Again, buckets will work, but be labour intensive. If you are giving birth on an above ground floor, and emptying to a lower site, you can use a hose to siphon the water out. Get the suction started by sucking on the end, or totally submerging the hose in the water, removing all air and then covering the end to hold the suction while it is moved to the emptying site, at a lower level than the pool, where gravity can do its thing. Another option is to use a Submersible utility pump with the hose. This will allow you to attach the hose to the pump, sink the pump into the water, put the other end at the emptying site (at any level) and simply plug the pump in. This option allows you to empty into a nearby toilet with ease.

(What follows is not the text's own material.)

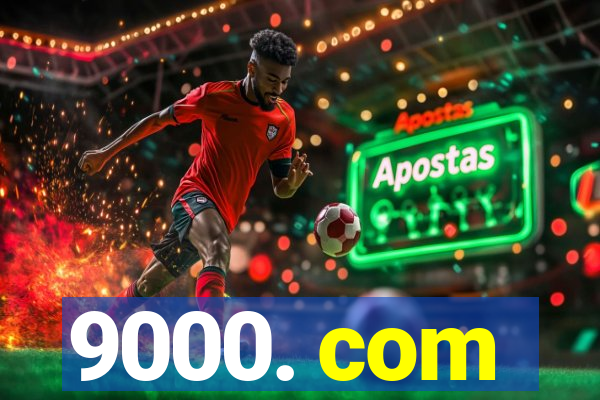 9000. com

* When filling your pool, you will want to use a NEW hose. Recommendations are being made to not use garden hose for birth pools, as they are not designed to carry hot water. The concern is that hot water will cause chemicals to be released from the hose material. For this reason, many birth tub businesses are selling Drinking Water (or Potable) Hose. This hose is designed to carry drinking water, and is therefore, designed to keep the water safe for drinking. However, it has not been tested for carrying hot water, so it is unclear as to whether or not this concern is alleviated with the drinking water hose. It seems likely that it would be less of a problem than with garden hose. Food Grade Hose is designed to be able to carry hot water, however it is more expensive. Each mother needs to decide for herself how much of a concern this is, and which option suits her birth and her budget.